Our study found that the inclusion of demographic features such as marital status, Indigenous ethnicity from linked hospital admissions data improved the performance of the prediction models. The average AUC was similar for predicting ACS (AUC 0.71). However, the performance was higher while predicting the risk of all-cause mortality (AUC 0.81 vs 0.84) and composite outcome (AUC 0.77 vs 0.78), with no overlap in their confidence intervals. Previous studies have shown that marital status is associated with adverse cardiovascular outcomes and mortality was higher in an unmarried population38,39. Studies have also shown that Indigenous Australians have a greater risk of cardiovascular disease and death40,41.

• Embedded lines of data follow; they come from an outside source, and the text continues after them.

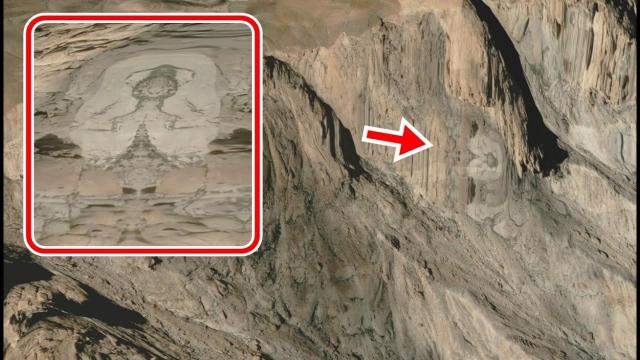Strange petroglyphs and door to an underground base discovered in Peru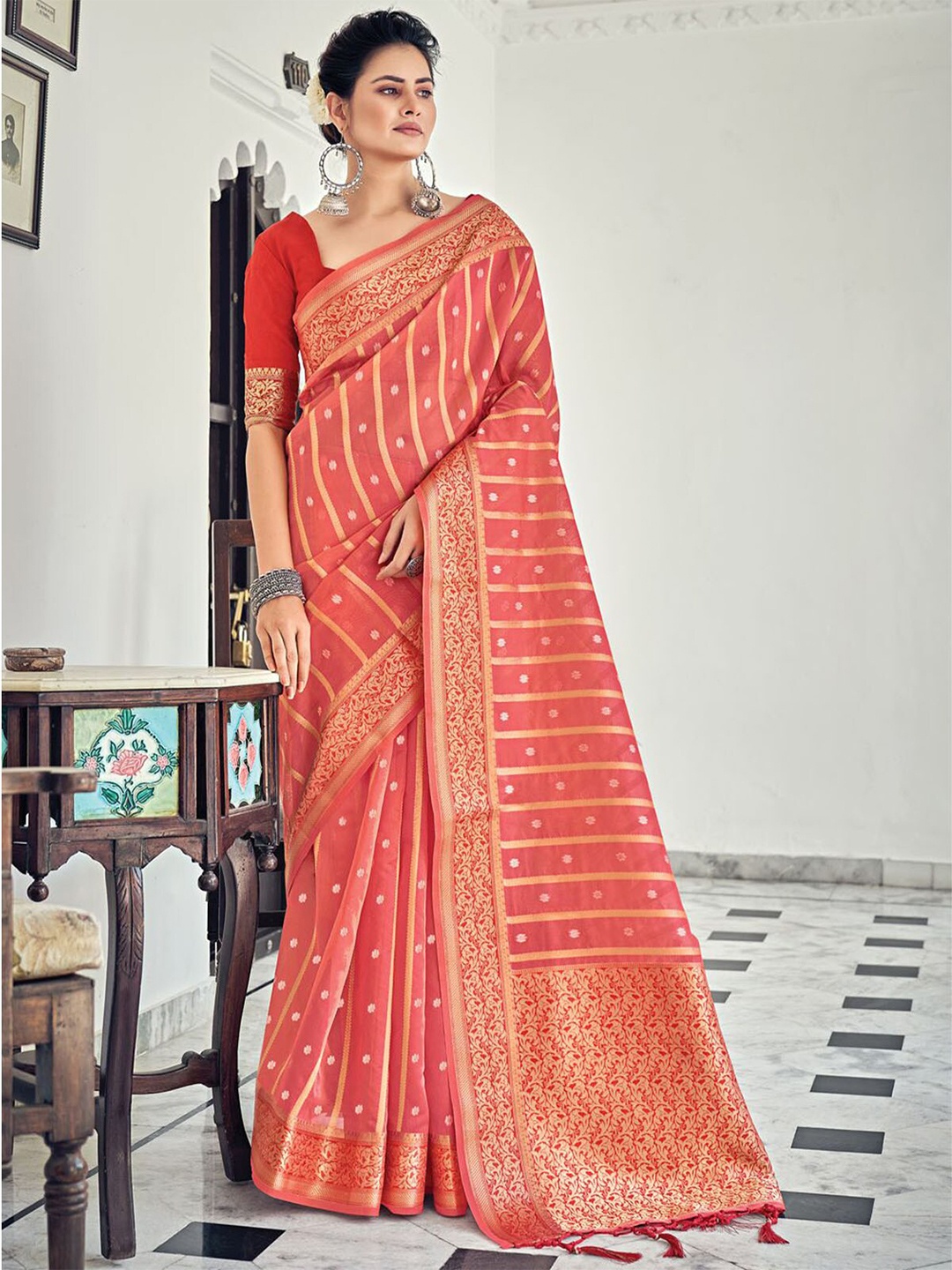 

ODETTE Peach-Coloured & Gold-Toned Woven Design Zari Organza Saree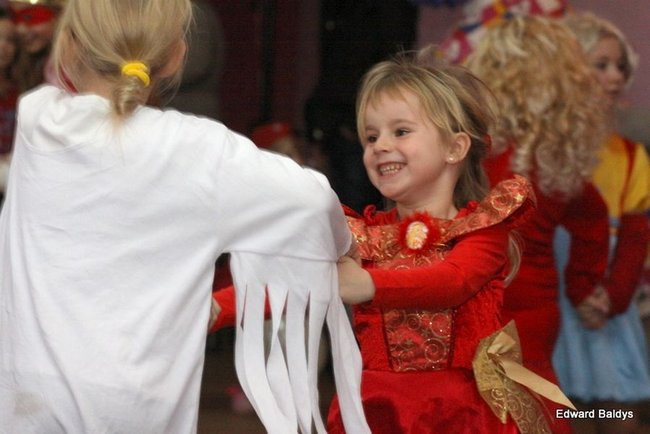 Dziecięcy karnawał w Wojnowicach (zdjęcia)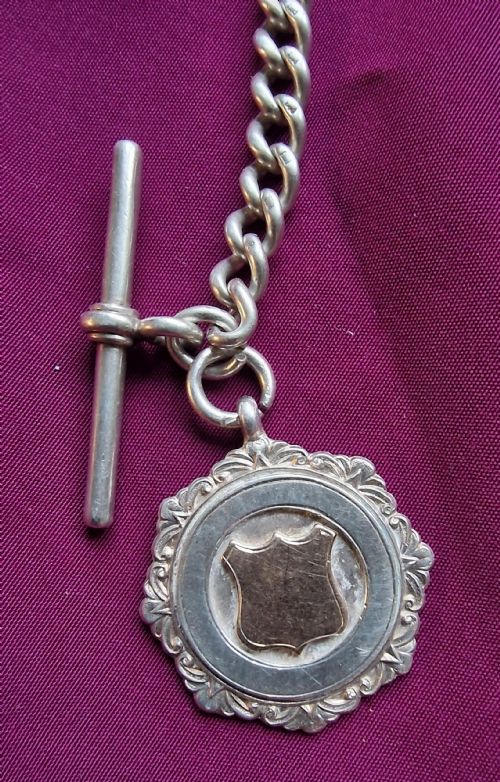 A SILVER POCKET WATCH CHAIN - ADDITIONAL PHOTO 2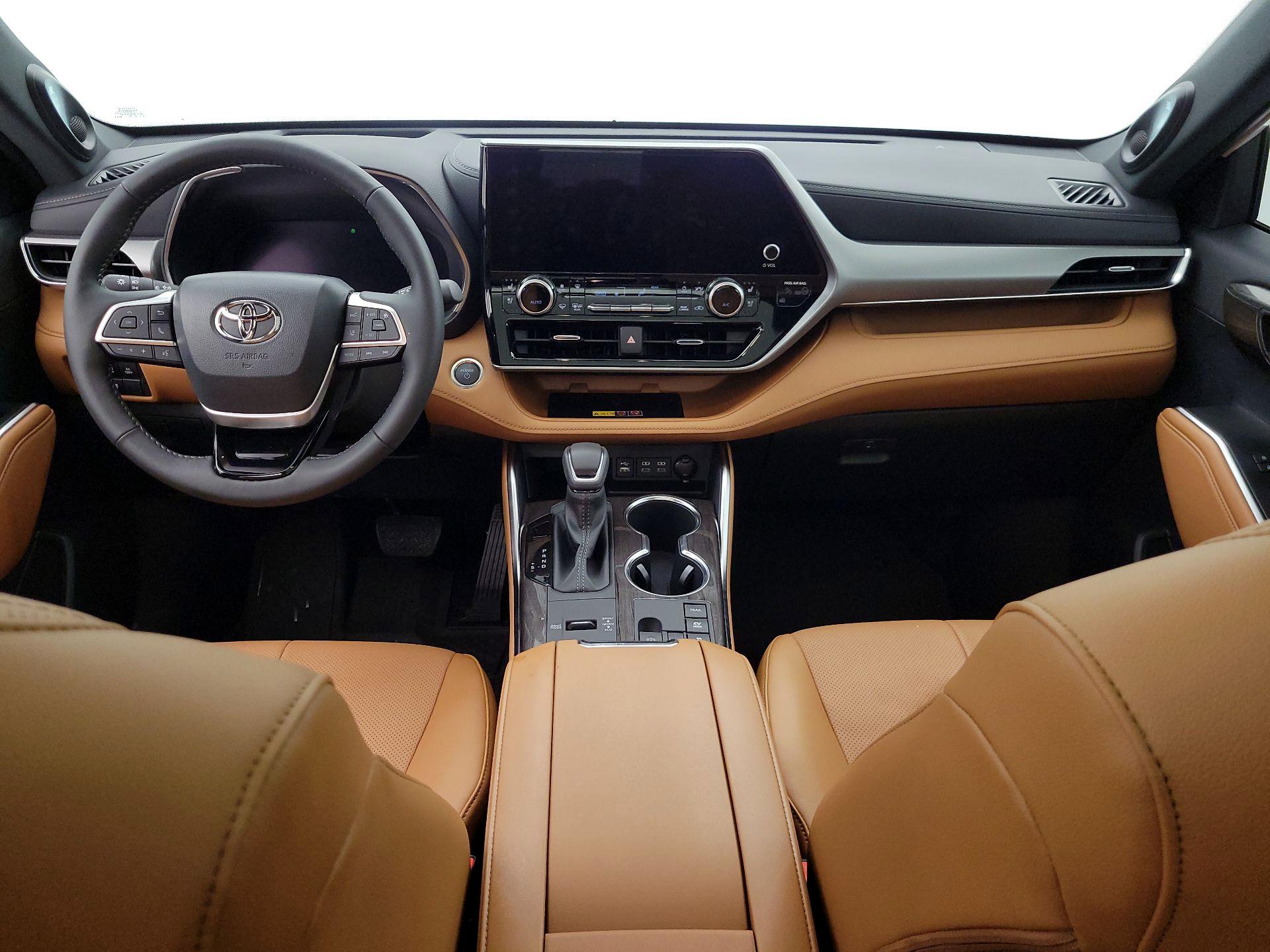 Thumbnail: 2026 Toyota Highlander - 9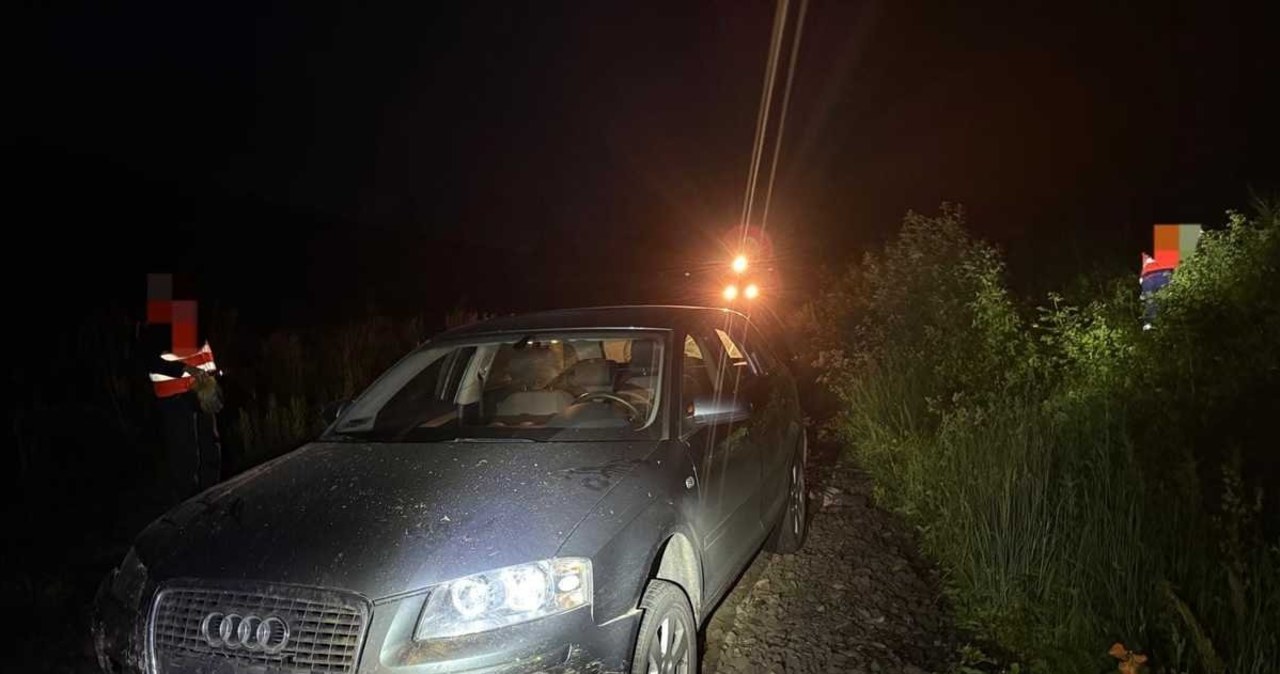 Pijany kierowca audi wjechał na torowisko. Pociąg wyhamował w ostatniej chwili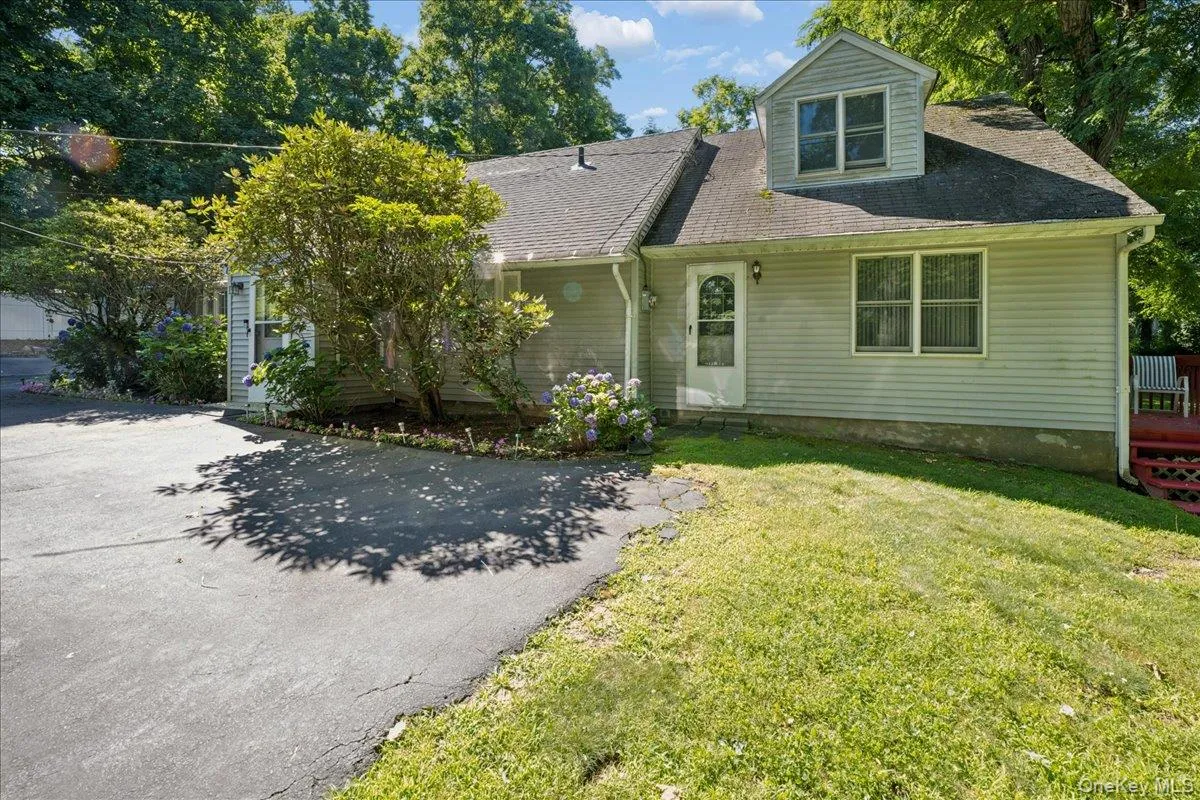 275 Old Tarrytown Road, Greenburgh, NY, 4 Bedrooms Bedrooms, 9 Rooms Rooms,1 BathroomBathrooms,Residential,For Rent,Old Tarrytown,0,1036079 275 Old Tarrytown Road, Greenburgh, NY, 4 Bedrooms Bedrooms, 9 Rooms Rooms,1 BathroomBathrooms,Residential,For Rent,Old Tarrytown,0,1036079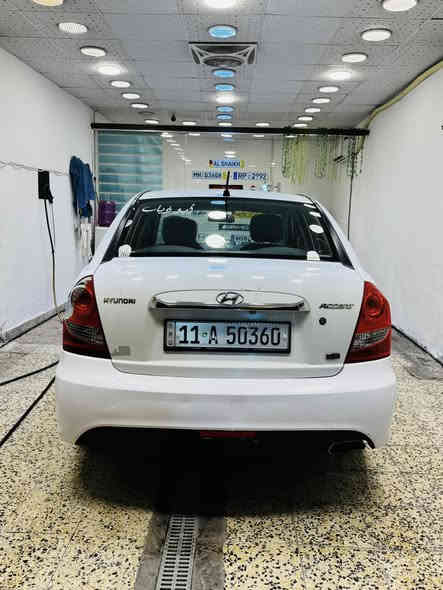 السلام عليكم
سيارة اكسنت للبيع 
موديل 2011 شكل السبورت
محرك 1600 دوش محرك وكير مكفولات 
حدادية جديدة 
فول مواصفات فتحة سقف واشاير بالمري
تبريد +تدفئة + شاشة + دوشمة جديدة داخلها جديد 
تخم تاير جديد ادامة جديدة للمحرك 
 سيارة رقم بغداد ب اسمي شرط رقم جديد سنوية جديدة تحويل ثاني يوم 
ماشية 145الف حقيقي سيارة مال دكتورة
السعر 110 للتواصل  مكاني بغداد ***********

We extracted additional features from the hospital admissions dataset, including patients’ previous length of stay (days) in the hospital for each comorbidity, and the number of days patients spent in intensive care units (ICU) before their first supply. This set of features were presented as continuous variables. We included this set of features to test whether it would improve the risk prediction. However, there were no performance gains by adding continuous variables such as length of hospital stay of previous comorbidities and days in ICU. The AUCs of all the outcomes were similar to models that did not include these extra features. Hence, we dropped these features to reduce model complexity.
In our study, we observed minimal performance improvement when using binary variables for comorbidities or drug history, indicating the presence of comorbidities and history of drugs. However, ML models achieved better performance than Cox regression when we used continuous variables for total counts of medication history and comorbidity history. This may be because machine learning approaches do not assume linearity for a predictor-outcome association. They are more adept at generating predictions based on continuous variables42.
Our machine learning model ranked COX-2 inhibitors higher among other NSAIDs for ACS risk prediction. Multiple previous studies have reported an increased risk of CV events from the use of selective COX-2 inhibitors1,3–6. Rofecoxib was withdrawn from markets based on evidence that showed an increased risk of ACS5. Naproxen and ibuprofen have been reported in several studies to be NSAIDs with less risk1,43. Compared with other popular NSAIDs, the rank of naproxen and ibuprofen was lower in our study, which is consistent with previous research. A previous study has confirmed that heart failure substantially increases the risk of death44. This verifies that our machine learning model is reliable in ranking feature importance as it showed the same relationship.
Despite the value of this study, there are some limitations. As with all administrative database studies, this study relies on the accuracy of administrative coding of diagnoses and procedures. However, the point of our study is that is makes use of multiple administrative datasets, which are large datasets that capture information at the population level. Despite whatever issues there may be with potential coding errors, we need these types of datasets to be able to adequately build a machine learning solution with potential for patient risk management. The PBS dataset did not include all dispensing supplies of NSAIDs such as ibuprofen, as this is also available over the counter. Moreover, the PBS dataset did not contain information about the actual drug dosage. Hence, in our study, we calculated the total number of supplied scripts rather than the dose used. In our study, we used state-level linked data to predict patients’ adverse CV outcomes after their NSAIDs supply. The models can be further extended to national linked data in the future. Also, for general applicability, the models can be potentially extended to other drugs or drug groups and different outcomes, and this can also be tested in future studies.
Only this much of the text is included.